Is the expected number $\Theta(2^n)$, or $\Theta(n \cdot 2^n)$, or something in between?

1

There are 1 best solutions below

5
On BEST ANSWER

The expected number is $\Theta(n\, 2^n)$. The OP observes that this is an upper bound, so we need to show it is a lower bound.

In one sentence, the proof is: $x$ probably doesn't overlap itself, so you can only fit $O(1)$ copies of $x$ into any one $2n$-long string, so the occurrences of $x$ as substrings must be distributed over lots of $2n$-long strings.

Here are more details; I'm going to ignore some ceilings and floors for simplicity. Fix an $n$-long string $x$; let $s(x)$ denote the smallest "shift amount" $s$ such that $x$ "overlaps" with itself at a shift of $s$; that is, the $(n-s)$-prefix of $x$ agrees with the $(n-s)$-suffix of $x$. (Set $s(x)=n$ if no such shift amount exists.) Then a $2n$-long string can only contain $1+n/s(x)$ copies of $x$.
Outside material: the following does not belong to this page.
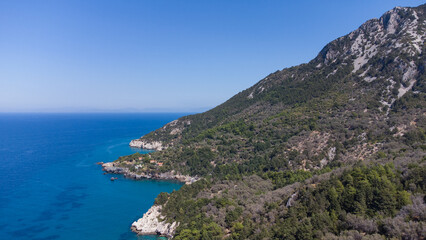 Fototapeta na wymiar Aerial view of turquoise blue Mediterranean water on the coast of Samos, Greek Aegean Sea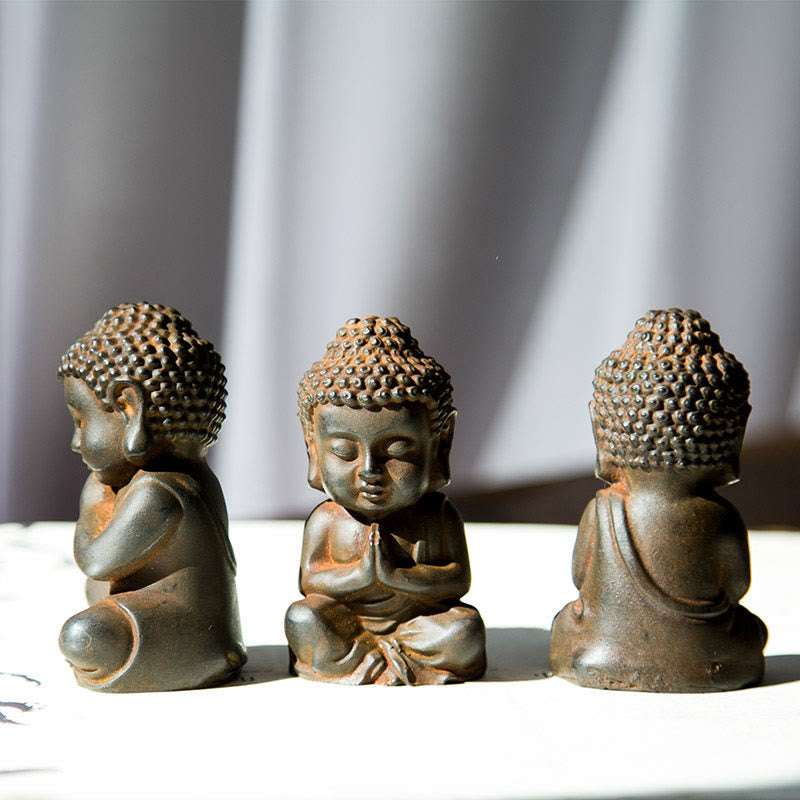 Buddha Stones fatte a mano Piccolo Buddha Sakyamuni in polvere di ferro Statua in resina fusa ruggine Decorazione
The total number of $n$-long strings $x$ with $s(x)\le k$ is at most $2^1+2^2+\cdots+2^{k}<2^{k+1}$. So the probability that $s(x)<n/2$ is $O(2^{-n/2})$. Thus, with probability at least $1-O(2^{-n/2})$, the maximum number of occurrences of $x$ in any $2n$-long string is at most $1+n/(n/2)=3$.
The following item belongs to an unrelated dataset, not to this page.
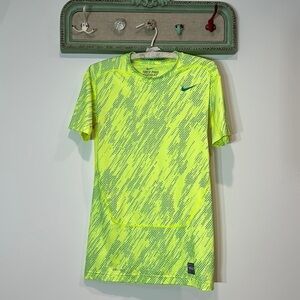 Nike pro combat compression shirt, large women’s neon yellow blue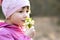 Portrait of happy child girl holding bunch of early spring snowdrops flowers outdoors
Finally, the total number of pairs $(w,i)$ such that $w$ is a $2n$-long string, in which $x$ occurs as a substring at position $i$, is $(n+1)2^n$. The previous paragraph shows that these occurrences of $x$ as substrings are spread out: with probability at least $1-O(2^{-n/2})$, $x$ occurs in at least $(n+1)2^n /3$ of the words $w$. Hence the expectation, taken over $x$, of the number of words $w$ containing $x$, is at least $$(1-O(2^{-n/2}))(n+1)2^n /3= \Omega(n\, 2^n)$$ as required.